EXERCISE DIRECTIONS | Could you please retype all of the records exactly, skipping any pictures?

☆ ☆ ☆ ☆ ☆ ☆ ☆

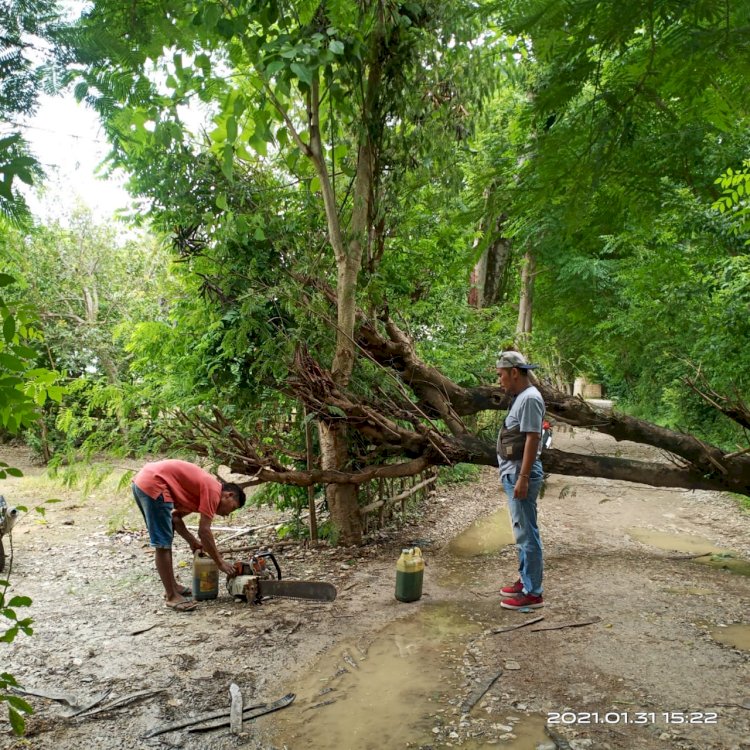 Polres Kupang Himbau Warga Waspadai Pohon Tumbang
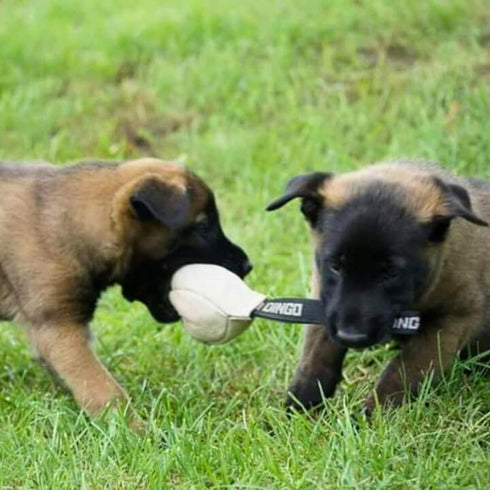 Dingo Gear Dog Toys for Puppies, Leather Balls with Handle, K9 Tug Toy Ball for Training, Outdoor Tug of War, 2x4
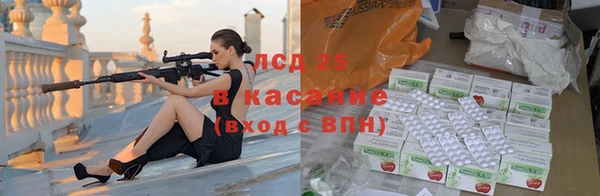 индика Горняк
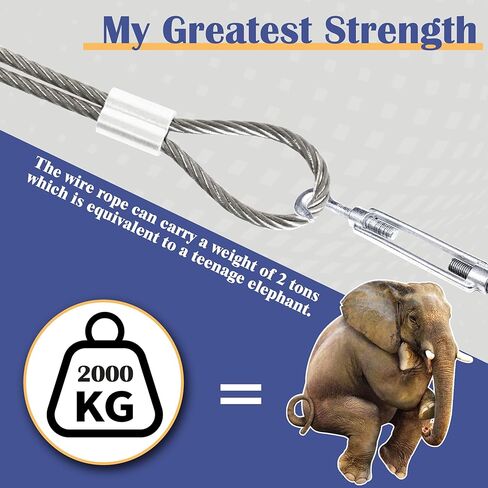 حبل سلكي بطول 200 قدم، مجموعة حبل سلكي 1/5 بوصة، كابل من الفولاذ المقاوم للصدأ 304، حبل كابل طائرة بطول 7 × 19 لتعريشة ملابس Zipline في الفناء in Kuwait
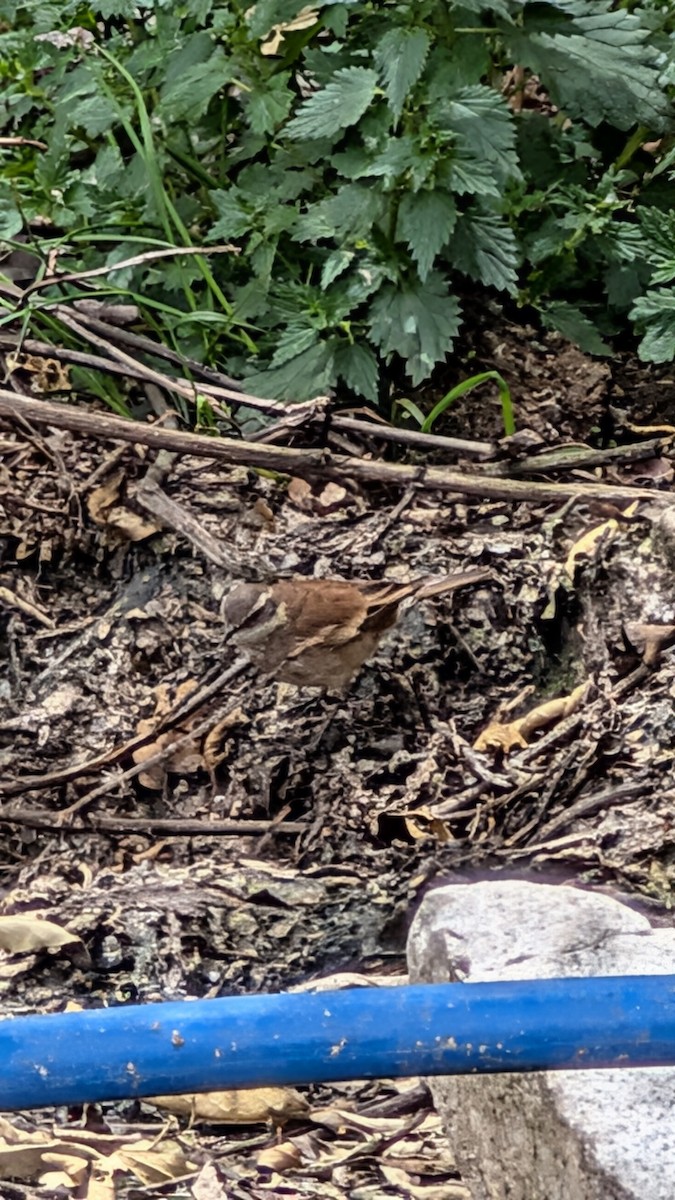 lysbukbergkall - ML644547474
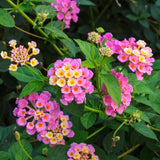 2 Lantana Plants Live, Perennial Live Flowering Lantana, Container Growing 4-9 Inch Tall - Pink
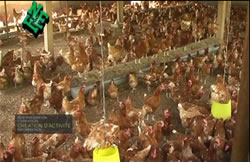 pader_coq2
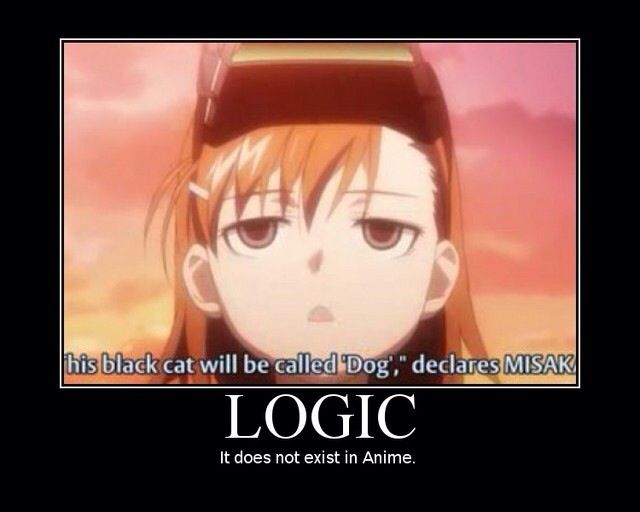 Funny Or Stupid Anime Quotes | Wiki | Anime Amino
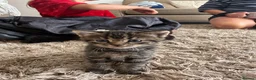 Mixed Breed cats for sale: 3 kittens available now  in Bedlington - Advert 10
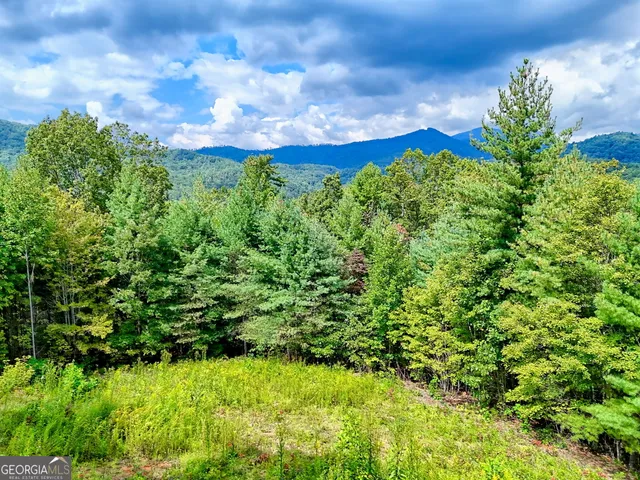 $99,000 | 0 Briarwood Lane, Clayton, GA 30525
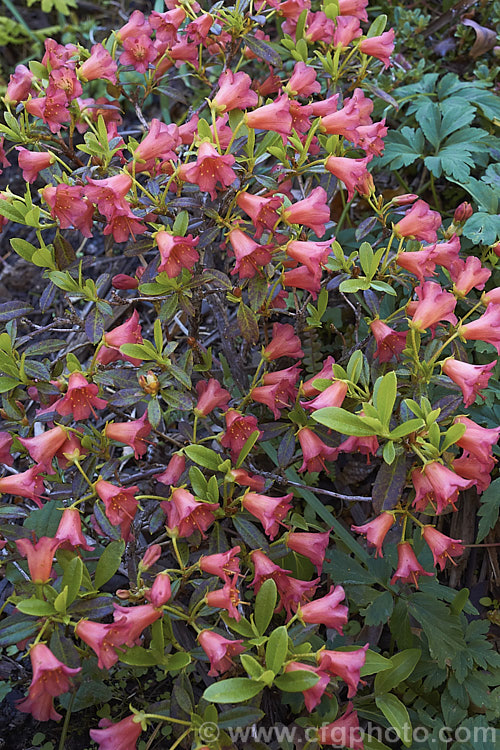 Rhododendron campylogynum var. myrtilloides (syn. Rhododendron myrtilloides</i>), a vdery small natural variety of an alpine rhododendron native to the Himalayas, where it occurs at elevations of 3000-4200m. Its small thimble- to bell-shaped flowers occur in a range of colours. Those of var. myrtilloides tend to be pink, sometimes with orange tones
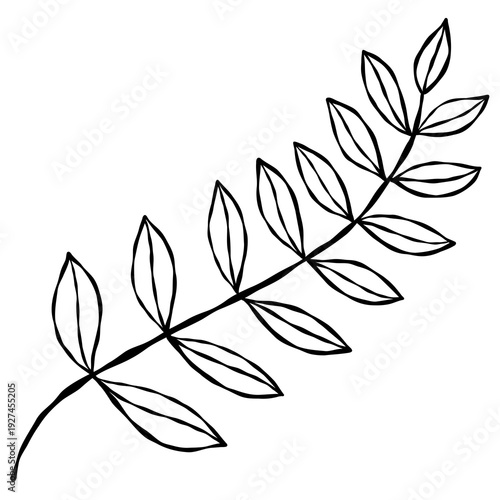 Wallpaper Mural Elegant hand-drawn botanical leaf branch doodle in a minimalist line art style. Torontodigital.ca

☆ ☆ ☆ ☆ ☆ ☆ ☆

REPLY TO THE EXERCISE |
 Polres Kupang Himbau Warga Waspadai Pohon Tumbang
 Dingo Gear Dog Toys for Puppies, Leather Balls with Handle, K9 Tug Toy Ball for Training, Outdoor Tug of War, 2x4
 индика Горняк
 حبل سلكي بطول 200 قدم، مجموعة حبل سلكي 1/5 بوصة، كابل من الفولاذ المقاوم للصدأ 304، حبل كابل طائرة بطول 7 × 19 لتعريشة ملابس Zipline في الفناء in Kuwait
 lysbukbergkall - ML644547474
 2 Lantana Plants Live, Perennial Live Flowering Lantana, Container Growing 4-9 Inch Tall - Pink
 pader_coq2
 Funny Or Stupid Anime Quotes | Wiki | Anime Amino
 Mixed Breed cats for sale: 3 kittens available now  in Bedlington - Advert 10
 $99,000 | 0 Briarwood Lane, Clayton, GA 30525
 Rhododendron campylogynum var. myrtilloides (syn. Rhododendron myrtilloides</i>), a vdery small natural variety of an alpine rhododendron native to the Himalayas, where it occurs at elevations of 3000-4200m. Its small thimble- to bell-shaped flowers occur in a range of colours. Those of var. myrtilloides tend to be pink, sometimes with orange tones
 Wallpaper Mural Elegant hand-drawn botanical leaf branch doodle in a minimalist line art style. Torontodigital.ca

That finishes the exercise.